Keswich has a friendship link with Choche in Ethiopia, helping farmers in that country receive a fair price for their coffee. Visit this site more information on Keswick’s fair-trade commitment: www.Fairtradekeswick.org.uk
ACTIVITY (Gotta Do) – Walking the Lakes. I was told by all my London-based friends that I simply had to go to the Lake District – and I’m glad I did! Although it rained incessantly during my three-day visit, I was lucky to have one semi-dry afternoon.
I took advantage of the break in the weather for a 3-4 hours hike to Castlerigg – a stone circle just outside of Keswick. It was an easy stroll alongside streams, through sheep-grazing pastures, and up to the top of the hill. My reward: an ice cream truck selling tasty cones with sprinkles!
GIVE (Greatest Need) – Tukea. My good friend Althea is intricately involved with a great nonprofit organization called Tukae, meaning ”Let us be together” in Kisambaa, the local language.
While the org is based in Cornwall, they work to help alleviate poverty in central Tanzania. The organization works on 4 fronts: Health, Education, Job Creation and the Environment. Local Tukae staff works with the local community to integrate their skills, knowledge and ideals, enhancing the community’s opportunities to move out of poverty.
Want to support Tukae’s good work? Here’s how:
- Give a donation! If you live in the UK, you can get Gift Tax benefits with your charitable donation: http://www.tukae.org/charity.htm
- Volunteer in Africa!

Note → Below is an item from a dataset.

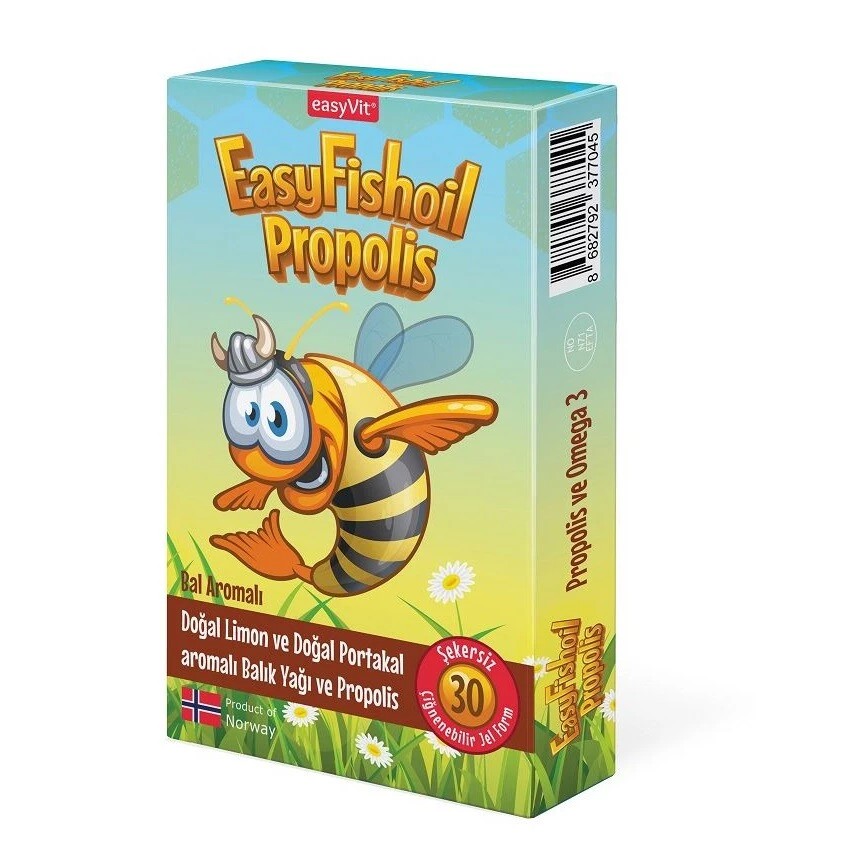 EasyFishoil Propolis 30 Çiğnenebilir Jel - Bal Aromalı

Combine your next holiday with a volunteer stint in Eastern Usambara mountains. Tukae has welcome volunteers from more than 19 countries!
- Buy a Tanzania-made product – I did! I wore my katanga-inspired skirt in my Euro packing video: http://youtu.be/1EK51trSc0k
ENJOY (Extra Fun) – Cruising the Cotswolds. Lovely lovely lovely! That’s all I have to say about the picturesque Cotswold towns that dot the English countryside. The Cotswold area spans the Wiltshire and Gloucestershire region and is filled iconic thatched roofed houses and cobble-stoned town squares.
It takes a full day’s drive just to soak it all in, especially since you’ll be going slow so as not to miss taking a photo of yet another charming cottage!